Please copy, exactly as they appear below, the lines from the one containing "BMW X3 xDrive20d xLine 140 kW (190 CV)" through the one containing "#31574 Bag Drop".

Information:
====================

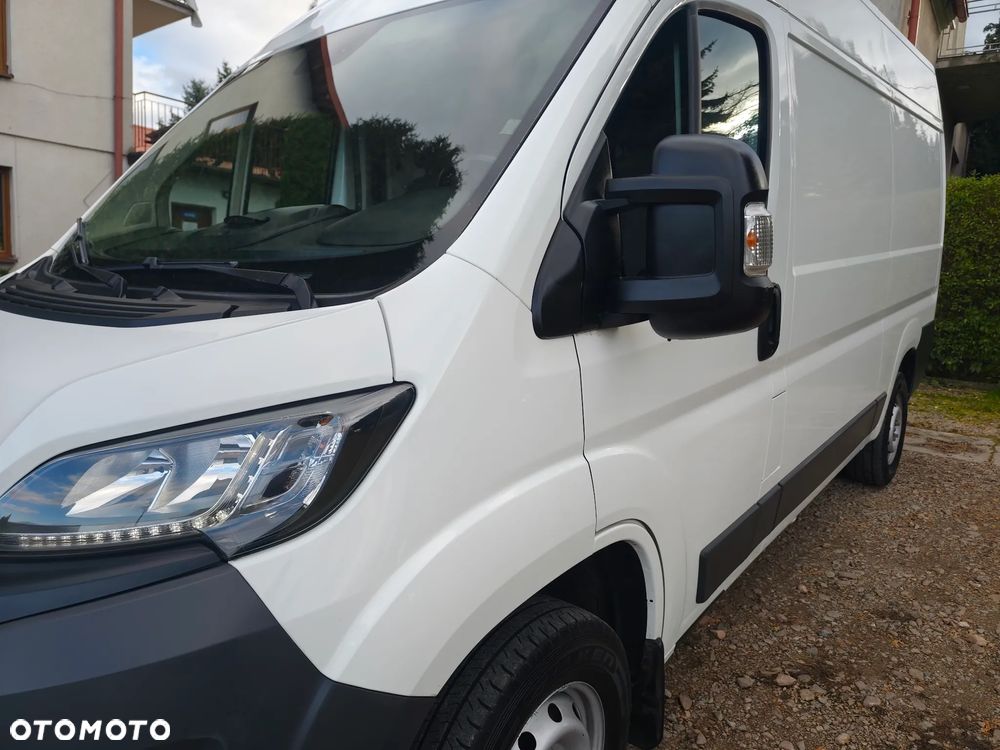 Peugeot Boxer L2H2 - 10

====================

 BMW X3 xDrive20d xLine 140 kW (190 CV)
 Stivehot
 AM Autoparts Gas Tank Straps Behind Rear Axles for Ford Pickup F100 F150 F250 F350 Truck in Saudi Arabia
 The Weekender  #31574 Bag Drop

====================

Worked solution:
 BMW X3 xDrive20d xLine 140 kW (190 CV)
 Stivehot
 AM Autoparts Gas Tank Straps Behind Rear Axles for Ford Pickup F100 F150 F250 F350 Truck in Saudi Arabia
 The Weekender  #31574 Bag Drop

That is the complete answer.